先日の記事では、支那が困るよという記事を書いた。

イランと支那は経済的な繋がりが強く、イランから輸出される原油の9割が支那へ、そして支那としては一帯一路の要衝としてのイランが重要だということを説明したわけだが、確かにこの話は短期的な視野での話とは言い難い面もある。

僕の記事の説得力はともかく、この専門家の方はどう説明して、「支那が微笑む」のかというと……。

イラン情勢の悪化は、表面的にはイラン産原油に依存する支那への打撃が大きく見えますが、実情は韓国や日本の方が深刻な被害を受けるという分析で、

  • 支那の優位性
    • 中国はイラン産原油の主要な買い手だが、全体に占める割合は限定的(13〜15%)
    • ロシア産への切り替えが可能
    • 制裁で孤立したイランに対し「唯一の買い手」として価格交渉力を強め、より安価に調達できる可能性あり
  • 韓国・日本の窮地
    • ロシア産への代替が難しく、イラン情勢の混乱による供給不安やコスト増の衝撃を直接的に受ける

うんうん、そうなるといいね。

支那の原油輸入先

では本当にそうだろうか?

支那が原油を買う相手は以下の通り。

順位国名シェア(輸入額/量ベース)特徴・背景
1位ロシア約19〜20%最大の供給源。ウクライナ侵攻後の制裁により、中国への輸出が急増。
2位サウジアラビア約10〜14%長年の主要供給国。価格戦略によりシェアは微減傾向。
3位マレーシア約10%イラン産原油の主要な積み替え拠点。制裁逃れのための「迂回輸入」が含まれるとされる。
4位イラク約8〜12%中東における安定した供給源の一つ。
5位アラブ首長国連邦 (UAE)約6%近年、輸入量が急増している供給先。
その他オマーン、ブラジル等各4〜6%程度多角化の一環として南米やアフリカからも調達。

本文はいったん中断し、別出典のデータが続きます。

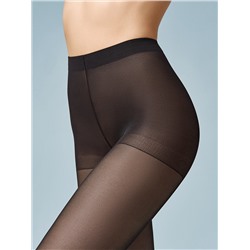 Omsa Колготки ATTIVA 70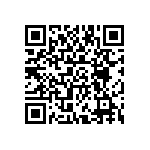 P51-100-A-F-M12-4-5V-000-000 QRCode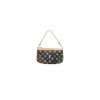Louis Vuitton x Takashi Murakami ‘Pochette Accessoires’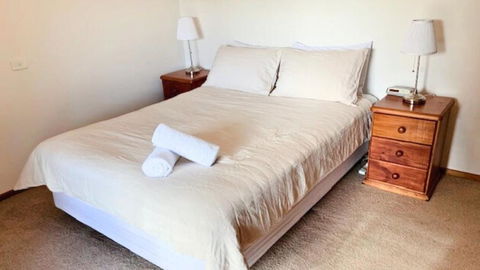 Abbey Beach Fun By The Sea - Accommodation Sunshine Coast 3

ここに現れていないファクターとして、ベネズエラからの輸入が3~4%程度あったようだけれど、これが輸入できなくなると予想されていて、この分をまず振り分ける必要がある。

では、ロシアから原油を買い付けられるのか?というと、実はちょっと怪しい。

ロシア、インドに原油輸出振り向けも 供給混乱で=関係筋

2026年3月5日午前 10:26

ロシアは、米イスラエルのイラン攻撃に伴う原油供給混乱を受け、友好国インドに対して輸出の一部‌を振り向ける準備を進めている。事情に詳しい業界関係者が明らかにした。ロシア産原油約950万バレルを積んだ船舶がインド近海を航行しており、数週間以内に到着可能な状況にあるという。

ロイターより

インドが慌ててロシアからの買付けを約束したようで、支那がその後から割り込む余地があるのか?というのは少々不安がある。

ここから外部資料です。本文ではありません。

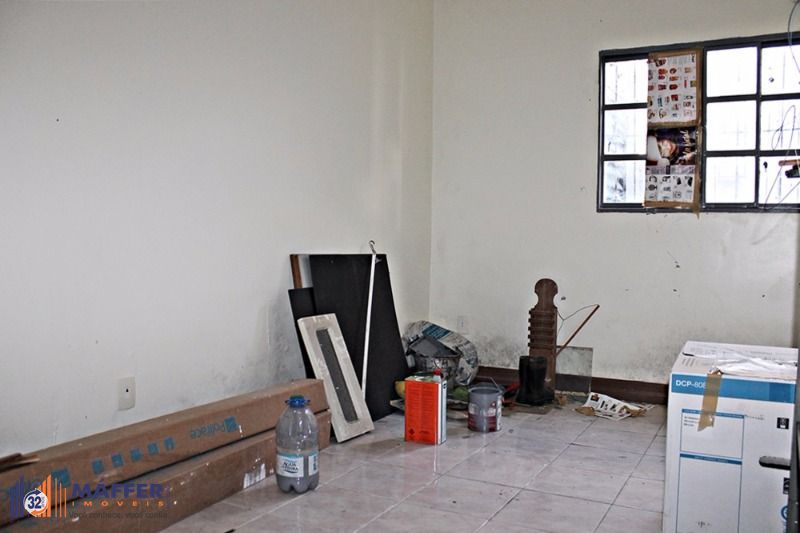 Prédio Inteiro, 236 m² - Foto 21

サウジアラビアとの関係も、いきなり買付け量を増やせるほど良好とは言えない。

打撃は小さい?

そして、もう1つ不可思議な分析が。

色々なケース分析はしてあるが、びっくりしたのはここ。

もう一つは、現在アメリカとの戦争が長引けば長引くほど、トイレで笑っているのは中国だということです。そうなると、これは大義名分においてもアメリカが劣勢に立たされ、またイランが正常化した際に、これが大きく破壊されればされるほど、戦後の復興のための石油販売や戦後復興はアメリカではなく中国が恩恵を受ける立場になるため、中国は静観しながら事態が悪化することを実は待っている側面があるのです。

Daum「イラン戦争を静かに楽しむ~」より

イランの状況が悪化しても、支那は「戦後復興という果実を総取りできる」というロジックが展開されているのである。

ロシアの復興を総取りできる!みたいな話もあったけれど、全く同じロジックで笑ってしまった。

確かに、イランの終戦後、或いはロシアの終戦後の復興というのは、西側諸国が手を出しにくい分野ではある。だから、支那からの資金援助で復興し、そのためのお金を人民元を刷って貸し付けるというのは、成り立ちそうなシナリオではある。

流石、支那経済金融研究所の所長の分析である。実に香ばしい。

このロジックが成り立つ為には2つの前提が必要となる。

  • イランやロシアの復興できるほどの巨額の人民元を刷ることが可能である(といっても、恐らくはデジタル人民元ということになるが)
  • 人民元を刷った段階で、その他の国からの信用が固定されている(暴落しない)

ハイパーインフレというのは、他国の信用を失った通貨が際限なく価値が既存されていく現象で、恐らくは発行された人民元は、将来的にイランやロシアで掘られる地下資源で担保されるということになるはずだ。だが、それが実現するためには、イランもロシアも国家が存続する必要があるわけで。

まとめ

僕の感想としては、「静かに微笑む」のではなく、笑顔が引きつってもはや乾いた笑いしか出ない状況なんだろうと思う。青ざめていると思うんだけどなぁ。

まあ、それはすぐに分かると思う。上海・深圳など市場も大きく変動せず、支那経済には直ぐに反映されていないようだけれど、恐らくはこれ、政治的に抑えられている形である。全人代開幕(3月5日)があって、大きな財政出動が期待されているからね。